And people might not even be using them right
When counselor Gary Chapman wrote a book on his theory of the five love languages, he probably didn’t think that, years later, people would be saying that avocado toast is their love language.
Initially, Chapman came up with a pretty simple concept: “Different people with different personalities give and receive love in different ways.”
The Love Language Quiz is an online questionnaire you can use to find out how you and your partner prefer to receive love. Ultimately, love language compatibility is not as important as it is to understand how your partner feels loved.
Now, don’t get me wrong, it sounds good in theory and practice. However, people have been talking about love languages in a very self-focused way. Today, the love language test is being used more as a personality test than a tool to help relationships.

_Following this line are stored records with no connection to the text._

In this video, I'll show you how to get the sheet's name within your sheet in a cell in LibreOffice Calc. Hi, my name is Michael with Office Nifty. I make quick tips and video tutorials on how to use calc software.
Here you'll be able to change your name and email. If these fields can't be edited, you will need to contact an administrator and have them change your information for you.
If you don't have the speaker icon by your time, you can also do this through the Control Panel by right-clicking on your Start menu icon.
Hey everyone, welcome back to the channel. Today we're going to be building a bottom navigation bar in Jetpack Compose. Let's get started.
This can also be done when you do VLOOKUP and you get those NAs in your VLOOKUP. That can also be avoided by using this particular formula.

People are listing their love language on their dating profile just as they would their astrological sign and personality traits. But at the end of the day, the love languages were meant as a way to guide your relationship, not base it off of that.
Are people really going to start using this as an excuse for incompatibility?

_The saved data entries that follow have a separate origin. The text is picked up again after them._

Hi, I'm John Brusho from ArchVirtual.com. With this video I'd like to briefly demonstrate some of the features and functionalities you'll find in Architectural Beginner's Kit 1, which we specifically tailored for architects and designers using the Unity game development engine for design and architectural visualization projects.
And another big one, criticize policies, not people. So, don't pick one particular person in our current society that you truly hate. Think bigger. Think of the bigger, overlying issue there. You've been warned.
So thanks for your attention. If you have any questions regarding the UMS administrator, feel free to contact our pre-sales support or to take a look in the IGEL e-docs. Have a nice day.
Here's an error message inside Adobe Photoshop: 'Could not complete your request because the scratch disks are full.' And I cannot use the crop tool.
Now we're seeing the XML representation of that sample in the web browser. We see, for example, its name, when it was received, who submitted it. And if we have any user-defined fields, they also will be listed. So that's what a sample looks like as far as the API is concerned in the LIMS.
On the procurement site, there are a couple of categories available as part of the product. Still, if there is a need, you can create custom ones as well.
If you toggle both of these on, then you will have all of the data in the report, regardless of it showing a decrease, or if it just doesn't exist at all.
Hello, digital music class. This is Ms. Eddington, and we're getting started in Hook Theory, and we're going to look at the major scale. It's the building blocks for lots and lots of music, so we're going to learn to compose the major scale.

It’s also important to note that Chapman’s book was published in 1995. Not to sound too old and wise, but things have changed since then. The way we talk about relationships has changed. So, should we even rely on them at all?

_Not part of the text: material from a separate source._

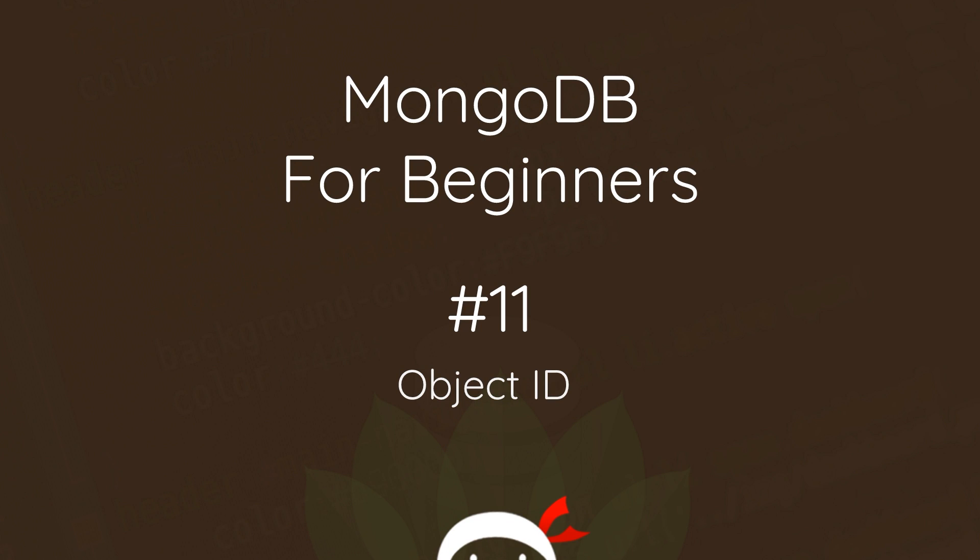Howdy campers, welcome to your 11th MongoDB for beginners tutorial. In this video I want to take a look at the object ID property.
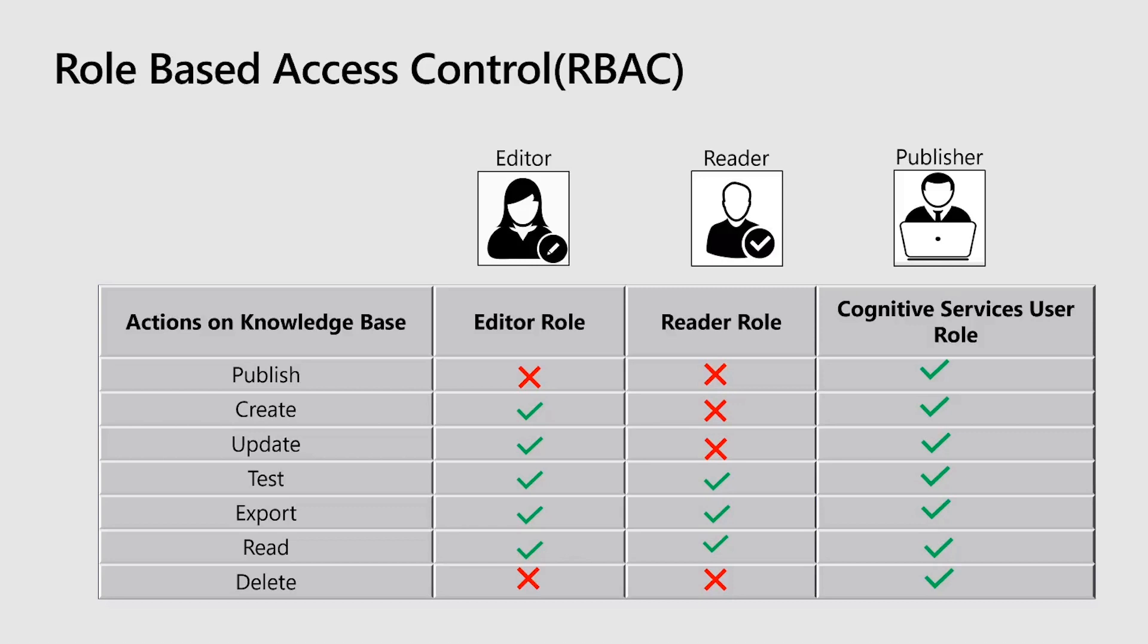Now going ahead, with this feature, we are providing those capabilities within the service by adding two new roles: editor role and reader role, apart from the existing cognitive service user role, which is the one having all the permissions. You can think of editor role as the role that most of the content authors will get as they will be allowed to create, update, test and other functionalities apart from publishing the KB. Reader role is the one with the minimum access. Think of someone like a supervisor or a quality tester who will get this permission as they can only read and test the service. Publisher is the existing role who is the one with all the permissions, including publishing the knowledge base and deleting the knowledge base. One thing to keep in mind is this is a service level setting.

Couples can now use the languages for scorekeeping. After all, aren’t most arguments started because someone feels like they are the ones doing more in the relationship?
Not only that, love languages can change and evolve over time. Don’t we all need physical touch at one moment, and quality time at another?
As long as we communicate what we need at that specific time, our relationships would be just fine. We shouldn’t need a quiz to do that work for us and then blame our incompatibility on that when our relationships don’t work out.